The study authors rightly argue that the "high energy consumption of cannabis is due in part to how the product is regulated," citing rules, such as some found in Colorado, that require grow operations to be securely enclosed and located at or near the point of sale.

"The initial amendment legalizing recreational cannabis in Colorado required the majority of cannabis product to be sold at a collocated retail location," the study notes. "This restriction led to cultivation practices occurring within the city limits of Denver, Colorado. This, along with security, theft and quality concerns, consequently led to the cultivation of cannabis indoors."

"Even if growers wanted to venture outdoors, many local governments in densely populated areas, like the City of Denver's, ban outdoor operations," Westworld reported in 2017. In other words, Denver requires cannabis sold in Denver to be grown in Denver. Just not outdoors.

In some states where cannabis is legal to use, laws discourage more sustainable growing practices. For example, in Washington State, where I live, cannabis use is legal. But state law does not allow anyone except licensed commercial growers to cultivate cannabis.

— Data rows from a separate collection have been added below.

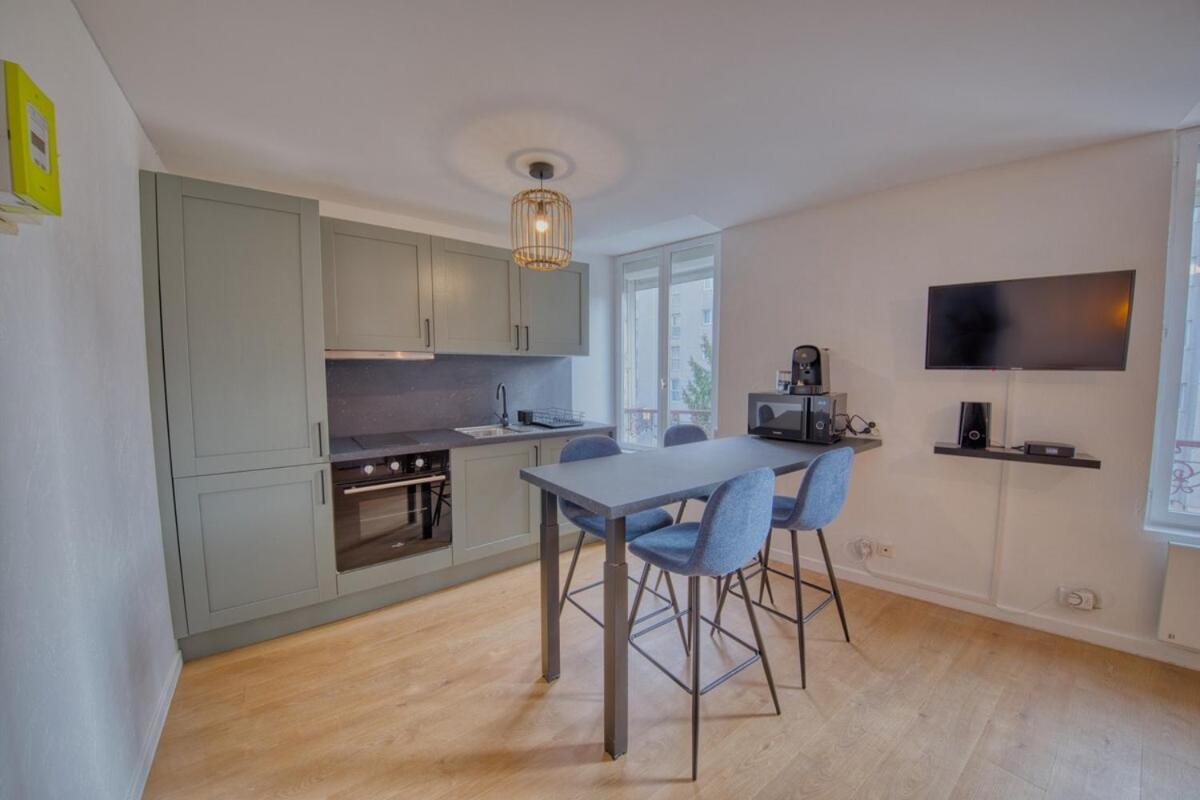 Le Barbusse Apartment *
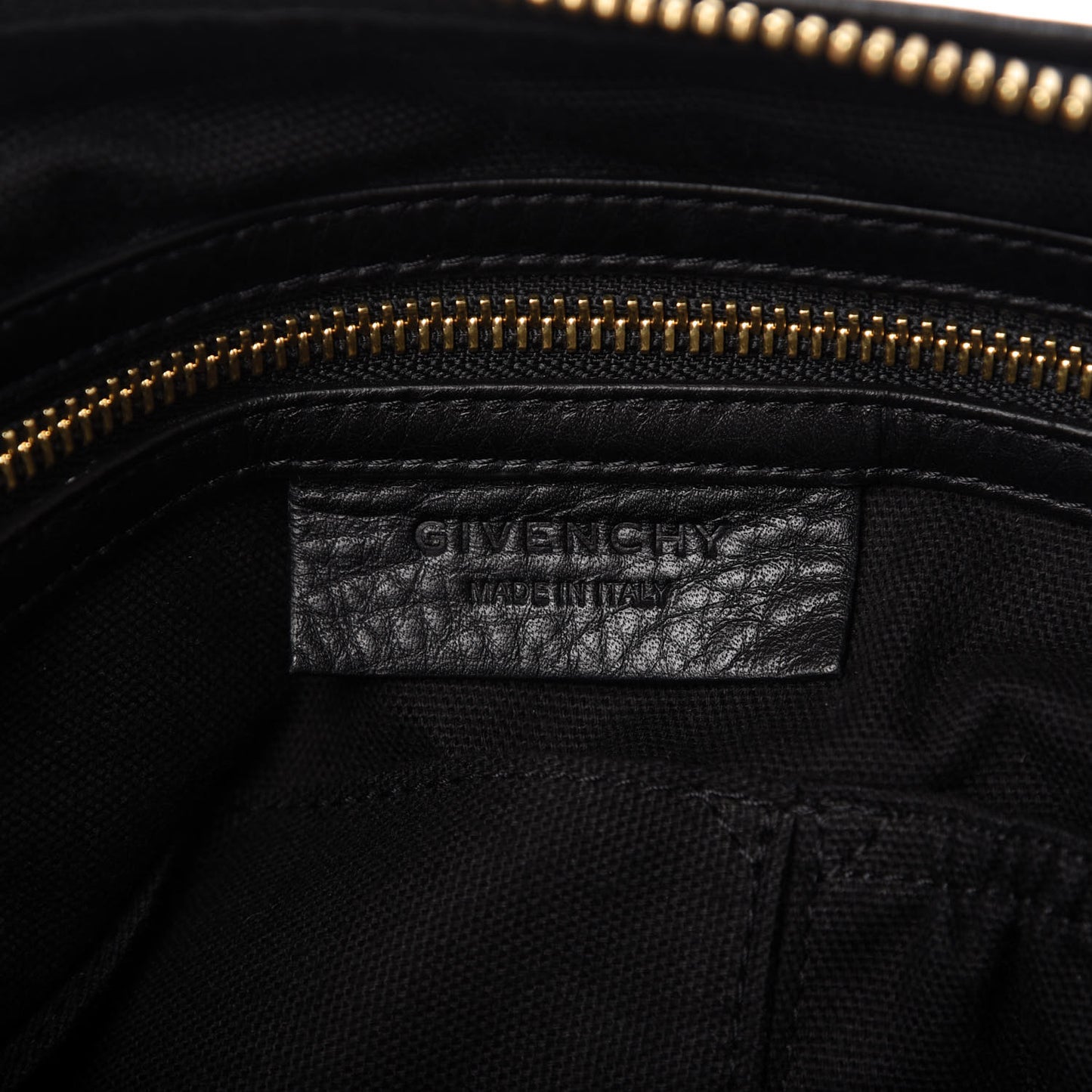 Calfskin Crocodile Embossed Medium Pandora Black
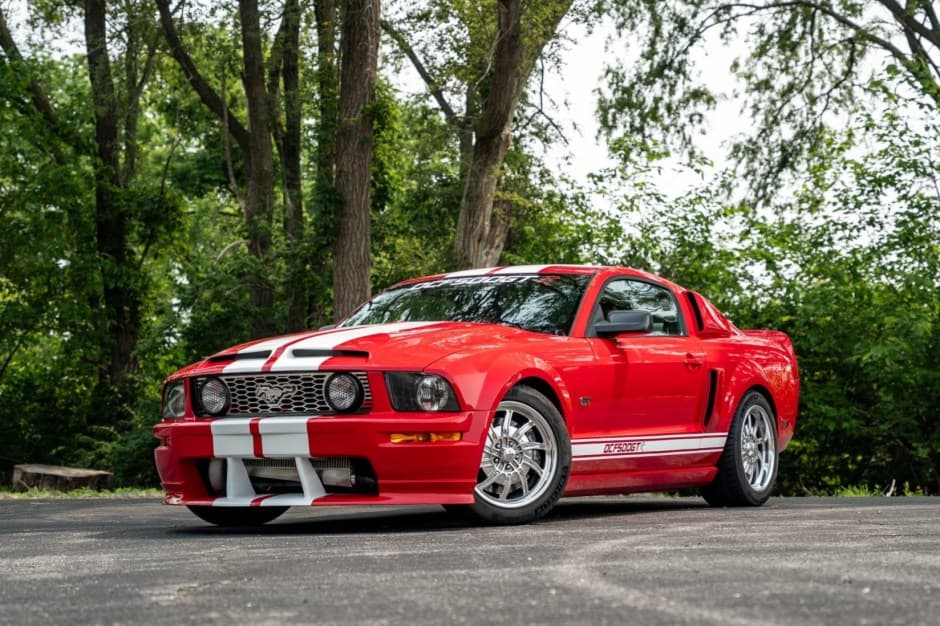 2005 Ford Mustang S197 2005-2014 sold for $26,001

Commercial cannabis regulations in other states suffer from these and other shortcomings.

Sacramento County, California, bans outdoor cultivation. The city of Fresno does, too. An ordinance in Huntington Beach, California, requires that all commercial cannabis grown in the city must be raised "in appropriately secured, enclosed, and ventilated structures, so as not to be visible to the general public."

In a 2019 piece, a Forbes writer noted that "some current building and energy codes actually force indoor growers to use more energy than necessary."

The interplay of state and federal laws also contributes greatly to the problem. 

Take three states that recently legalized cannabis. While New Jersey's climate is conducive to outdoor growing operations, two other states—Montana and South Dakota—offer a less hospitable growing seasoned, Marijuana Business Daily reported after the November elections. The federal prohibition of cannabis means that cannabis may not be transported across state lines, and that means all cannabis that's going to be sold legally in a state must be grown in that state. In a place where the outdoor growing season is short, the prohibition of interstate sales needlessly promotes indoor growing. If we treated cannabis like other agricultural products, states like Montana and South Dakota could grow outdoors in the summer and buy from other states in the colder months.

None of this is to say that growing cannabis outdoors is a slam dunk. It carries most of the same risks as any other outdoor crop production, including drought, flooding, other severe weather, pestilence, natural disasters, and theft and other security risks. Outdoor growing may also require the application of additional pesticides.

My point isn't that growing cannabis outdoors is the only way it can or should be done. Rather, growers of cannabis—just like growers of lettuce or beans—should be allowed to choose the place and methods of cultivation they want to use.

I wrote a whole book about ways that federal, state, and local regulations often promote unsustainable food and agricultural practices over more sustainable ones. Growing cannabis can be done sustainably. If only the law would allow for it.